In between jokes about his daughters teaching him the basic functions of a smartphone, President Obama provided three components to addressing the challenge. First, he spoke about the need for technology companies, such as Google and Meta, to take greater responsibility for the content on their website. Second, he also acknowledged the government’s role in adapting to the dramatic changes in technology and its role in society, advocating for reforms to Section 230 of the Communications Decency Act of 1996, which generally provides immunity for website platforms with respect to third-party content.

“Regulation does not have to stifle innovation,” he said, speaking about government regulation’s ability to impose higher standards on the private sector to spur innovation.

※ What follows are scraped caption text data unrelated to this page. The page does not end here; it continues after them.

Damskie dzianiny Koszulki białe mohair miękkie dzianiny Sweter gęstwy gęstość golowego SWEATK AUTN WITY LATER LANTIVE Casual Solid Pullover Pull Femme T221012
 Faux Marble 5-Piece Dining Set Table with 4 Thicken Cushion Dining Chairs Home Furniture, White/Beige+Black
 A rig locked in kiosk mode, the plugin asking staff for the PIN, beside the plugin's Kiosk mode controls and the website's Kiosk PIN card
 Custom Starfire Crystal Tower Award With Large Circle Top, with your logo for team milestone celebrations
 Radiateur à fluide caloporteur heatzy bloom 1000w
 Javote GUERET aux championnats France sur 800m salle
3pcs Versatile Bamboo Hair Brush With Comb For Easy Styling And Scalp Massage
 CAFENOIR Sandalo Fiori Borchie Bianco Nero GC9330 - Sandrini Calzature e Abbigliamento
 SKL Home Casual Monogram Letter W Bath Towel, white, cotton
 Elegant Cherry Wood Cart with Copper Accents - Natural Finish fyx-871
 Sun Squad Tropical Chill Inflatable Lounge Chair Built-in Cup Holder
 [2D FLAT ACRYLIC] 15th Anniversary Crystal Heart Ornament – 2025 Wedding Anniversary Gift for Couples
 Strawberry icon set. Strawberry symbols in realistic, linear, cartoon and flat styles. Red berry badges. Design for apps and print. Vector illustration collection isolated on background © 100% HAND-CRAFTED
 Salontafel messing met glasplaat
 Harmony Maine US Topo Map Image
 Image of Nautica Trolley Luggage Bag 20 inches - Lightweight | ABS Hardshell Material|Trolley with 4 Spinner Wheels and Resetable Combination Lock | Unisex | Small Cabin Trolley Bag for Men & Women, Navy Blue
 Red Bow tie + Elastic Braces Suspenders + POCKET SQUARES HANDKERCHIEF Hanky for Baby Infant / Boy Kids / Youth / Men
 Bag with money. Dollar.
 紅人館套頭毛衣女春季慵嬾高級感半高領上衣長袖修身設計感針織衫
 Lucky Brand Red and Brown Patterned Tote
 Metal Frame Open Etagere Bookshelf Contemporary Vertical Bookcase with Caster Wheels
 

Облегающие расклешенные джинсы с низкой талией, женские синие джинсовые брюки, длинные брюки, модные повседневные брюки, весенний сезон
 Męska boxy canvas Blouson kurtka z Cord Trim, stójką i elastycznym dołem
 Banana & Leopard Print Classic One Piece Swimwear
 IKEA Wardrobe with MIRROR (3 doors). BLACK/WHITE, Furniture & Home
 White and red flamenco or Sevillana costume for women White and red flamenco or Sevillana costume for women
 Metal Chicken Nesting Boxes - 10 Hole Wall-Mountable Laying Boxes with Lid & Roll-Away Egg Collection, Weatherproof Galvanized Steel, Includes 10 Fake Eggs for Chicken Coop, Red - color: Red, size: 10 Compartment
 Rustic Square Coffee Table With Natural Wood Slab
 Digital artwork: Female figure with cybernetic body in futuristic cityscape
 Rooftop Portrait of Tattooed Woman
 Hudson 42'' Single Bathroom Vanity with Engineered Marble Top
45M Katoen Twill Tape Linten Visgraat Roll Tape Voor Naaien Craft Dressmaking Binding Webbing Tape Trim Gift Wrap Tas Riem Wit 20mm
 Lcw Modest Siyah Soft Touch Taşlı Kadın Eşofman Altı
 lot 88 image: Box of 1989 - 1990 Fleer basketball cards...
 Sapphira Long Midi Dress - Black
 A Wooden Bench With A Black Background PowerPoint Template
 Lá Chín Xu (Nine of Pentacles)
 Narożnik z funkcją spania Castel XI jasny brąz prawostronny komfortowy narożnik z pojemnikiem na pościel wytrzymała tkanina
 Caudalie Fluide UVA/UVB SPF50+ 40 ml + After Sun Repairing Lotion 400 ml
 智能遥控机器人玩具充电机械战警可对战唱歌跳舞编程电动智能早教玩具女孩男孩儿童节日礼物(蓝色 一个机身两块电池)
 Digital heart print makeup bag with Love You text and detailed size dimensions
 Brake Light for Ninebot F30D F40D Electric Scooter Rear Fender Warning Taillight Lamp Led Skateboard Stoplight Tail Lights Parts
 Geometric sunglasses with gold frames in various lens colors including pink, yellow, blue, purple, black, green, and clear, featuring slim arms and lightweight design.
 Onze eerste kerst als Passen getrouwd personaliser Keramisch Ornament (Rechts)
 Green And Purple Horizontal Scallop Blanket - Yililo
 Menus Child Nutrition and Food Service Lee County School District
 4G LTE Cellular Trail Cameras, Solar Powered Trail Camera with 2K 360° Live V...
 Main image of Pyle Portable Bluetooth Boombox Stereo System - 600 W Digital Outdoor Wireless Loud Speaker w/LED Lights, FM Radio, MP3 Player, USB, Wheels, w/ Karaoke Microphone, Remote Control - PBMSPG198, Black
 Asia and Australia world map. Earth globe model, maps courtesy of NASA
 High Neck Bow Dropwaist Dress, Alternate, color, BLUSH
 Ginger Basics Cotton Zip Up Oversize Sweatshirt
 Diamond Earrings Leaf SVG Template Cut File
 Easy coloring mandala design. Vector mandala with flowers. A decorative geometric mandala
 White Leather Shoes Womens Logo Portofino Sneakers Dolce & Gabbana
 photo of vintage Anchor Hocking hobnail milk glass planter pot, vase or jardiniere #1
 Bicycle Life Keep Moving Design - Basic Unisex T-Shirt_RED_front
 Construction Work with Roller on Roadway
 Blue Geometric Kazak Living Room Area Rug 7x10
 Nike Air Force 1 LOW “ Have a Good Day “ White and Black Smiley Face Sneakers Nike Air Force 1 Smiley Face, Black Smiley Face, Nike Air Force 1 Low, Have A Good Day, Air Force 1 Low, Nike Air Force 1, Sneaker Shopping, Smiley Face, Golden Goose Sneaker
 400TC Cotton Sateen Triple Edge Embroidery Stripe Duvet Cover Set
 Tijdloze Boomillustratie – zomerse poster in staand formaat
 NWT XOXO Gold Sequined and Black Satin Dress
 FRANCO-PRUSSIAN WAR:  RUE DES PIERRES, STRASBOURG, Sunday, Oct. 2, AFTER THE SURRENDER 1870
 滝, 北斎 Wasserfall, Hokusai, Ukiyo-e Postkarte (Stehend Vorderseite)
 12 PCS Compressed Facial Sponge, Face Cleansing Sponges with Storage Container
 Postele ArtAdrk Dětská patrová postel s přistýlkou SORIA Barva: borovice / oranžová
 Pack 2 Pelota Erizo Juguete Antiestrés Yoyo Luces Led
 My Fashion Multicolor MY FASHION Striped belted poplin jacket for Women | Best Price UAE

Finally, he provided a personal call to action for consumers to break outside of their information bubble. It was a suggestion that certainly resonated with me—it is so easy to consume information passively, scrolling through Twitter or scanning the New York Times headline alerts, rather than actively searching for multiple perspectives on today’s salient issues. When President Obama called attention to the ways in which modern media has contributed to how “our personal information bubbles, our assumptions, our blind spots, [and] our prejudices aren’t challenged,” I (Rachel) was reminded of a classroom discussion on confirmation bias and naïve realism in Professor Paul Brest’s class, “Problem Solving and Decision Making for Public Policy and Social Change,” which I took as part of my Public Policy Master’s curriculum. Listening to President Obama’s speech and reflecting on what I learned in Professor Brest’s class encouraged me to re-evaluate how my own method of media consumption may affect my views and the types of political dialogue in which I engage.

Obama added “the internet is a tool. Social media is a tool. At the end of the day, tools don’t control us. We control them. And we can remake them. It’s up to each of us to decide what we value and then use the tools we’ve been given to advance those values.”

In a crowd of excited students, faculty, and community members, the energy in the air was as electrifying as the speech itself. Stanford certainly sees no shortage of accomplished speakers, but there still was an awed air of “that’s Obama!” Students began lining up outside CEMEX for entry two hours before the start of the event, hoping to catch a seat closer to the former President. The audience, which included President Marc Tessier-Lavigne, several Vice Provosts, and faculty across campus, remained rapt, only pausing their listening to snap an excited picture of the event. After the event, students waited outside to catch one more glimpse of the former President as he entered his car and was driven away.